Semua orang menatapnya.
Jika dia mengingat wiki dengan benar, makhluk laut dalam itu bisa dimakan. Hanya saja ada beberapa… syarat.
“Jika Anda membunuh ikan di sini dan memakannya sebelum lebih dari sepuluh menit, dagingnya tidak akan busuk. Lebih dari sepuluh menit, dagingnya akan menjadi limbah biologis. Selain itu, Anda harus memakannya mentah.”
Thorn merasa mual. “Ikan mentah? Apa kau serius?”
Ren mengangguk. “Jika dimasak atau terkena api, itu akan menjadi beracun. Semacam reaksi internal terhadap panas. Tapi mentah, aman. Hampir tidak aman.”
Elias mengangkat alisnya. “Bagaimana itu bisa membantu kita?”
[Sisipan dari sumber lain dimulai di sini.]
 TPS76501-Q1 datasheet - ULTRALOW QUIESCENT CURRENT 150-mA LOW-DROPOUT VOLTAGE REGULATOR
“Jika kita melihat sesuatu yang cukup kecil untuk dibunuh dan dibawa masuk,” kata Ren, “kita akan mengambilnya. Lilith dan aku akan menanganinya. Zuzu akan menjaga agar kita tetap bergerak. Elias akan berjaga-jaga. Thorn…”
“…muntah di pojok,” gumam Thorn.
“…membantu sebisa mungkin.” Ren mengakhiri kalimatnya dengan senyum lebar.
“Tunggu.” Thorn menyipitkan matanya. “Kenapa kau tersenyum?”
Senyum Ren semakin lebar. “Aku selalu ingin mencoba sushi.”